**INFORMATION SHOWN**
----

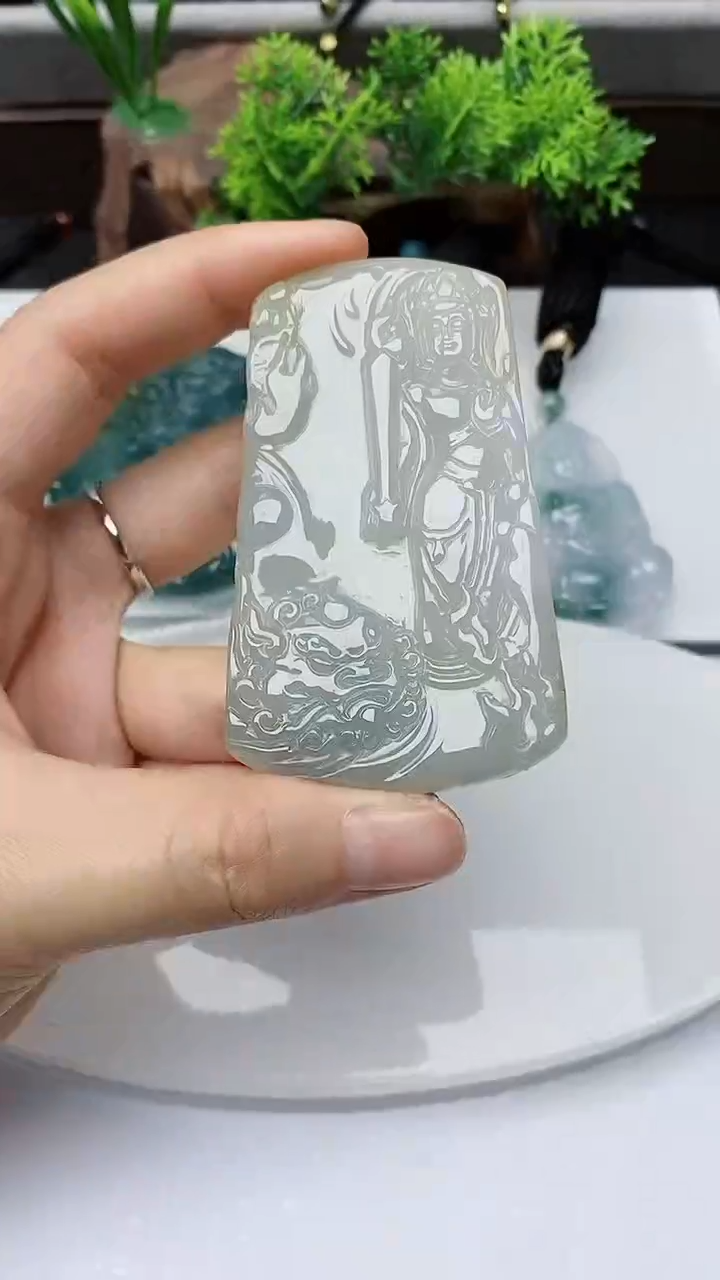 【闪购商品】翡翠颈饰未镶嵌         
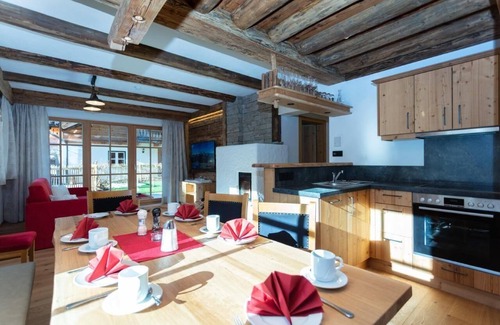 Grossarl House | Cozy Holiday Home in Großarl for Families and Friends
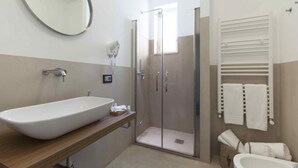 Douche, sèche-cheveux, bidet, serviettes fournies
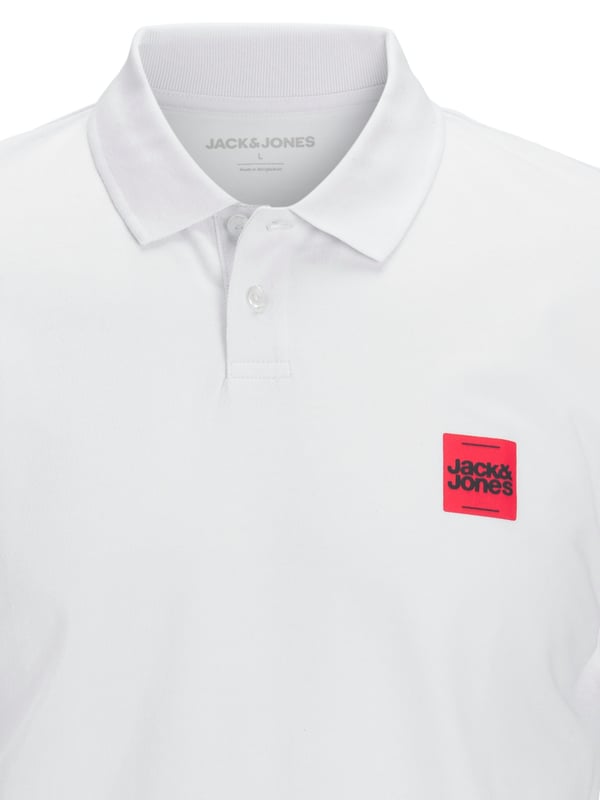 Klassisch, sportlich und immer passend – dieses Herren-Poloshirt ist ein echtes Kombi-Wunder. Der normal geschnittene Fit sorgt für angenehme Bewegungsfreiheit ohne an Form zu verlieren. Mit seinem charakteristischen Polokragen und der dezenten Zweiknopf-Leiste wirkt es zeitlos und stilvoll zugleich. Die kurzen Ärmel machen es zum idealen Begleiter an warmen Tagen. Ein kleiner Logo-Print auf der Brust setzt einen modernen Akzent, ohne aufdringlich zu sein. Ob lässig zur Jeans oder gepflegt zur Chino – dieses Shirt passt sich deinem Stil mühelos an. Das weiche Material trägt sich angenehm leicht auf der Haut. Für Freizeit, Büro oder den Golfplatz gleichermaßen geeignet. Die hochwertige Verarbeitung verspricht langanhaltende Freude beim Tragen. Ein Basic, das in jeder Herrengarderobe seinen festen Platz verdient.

----

**TASK OBJECTIVE**
The response must match the listing exactly, except that pictures are removed.

**COMPLETED EXERCISE**
 【闪购商品】翡翠颈饰未镶嵌         
 Grossarl House | Cozy Holiday Home in Großarl for Families and Friends
 Douche, sèche-cheveux, bidet, serviettes fournies
 Klassisch, sportlich und immer passend – dieses Herren-Poloshirt ist ein echtes Kombi-Wunder. Der normal geschnittene Fit sorgt für angenehme Bewegungsfreiheit ohne an Form zu verlieren. Mit seinem charakteristischen Polokragen und der dezenten Zweiknopf-Leiste wirkt es zeitlos und stilvoll zugleich. Die kurzen Ärmel machen es zum idealen Begleiter an warmen Tagen. Ein kleiner Logo-Print auf der Brust setzt einen modernen Akzent, ohne aufdringlich zu sein. Ob lässig zur Jeans oder gepflegt zur Chino – dieses Shirt passt sich deinem Stil mühelos an. Das weiche Material trägt sich angenehm leicht auf der Haut. Für Freizeit, Büro oder den Golfplatz gleichermaßen geeignet. Die hochwertige Verarbeitung verspricht langanhaltende Freude beim Tragen. Ein Basic, das in jeder Herrengarderobe seinen festen Platz verdient.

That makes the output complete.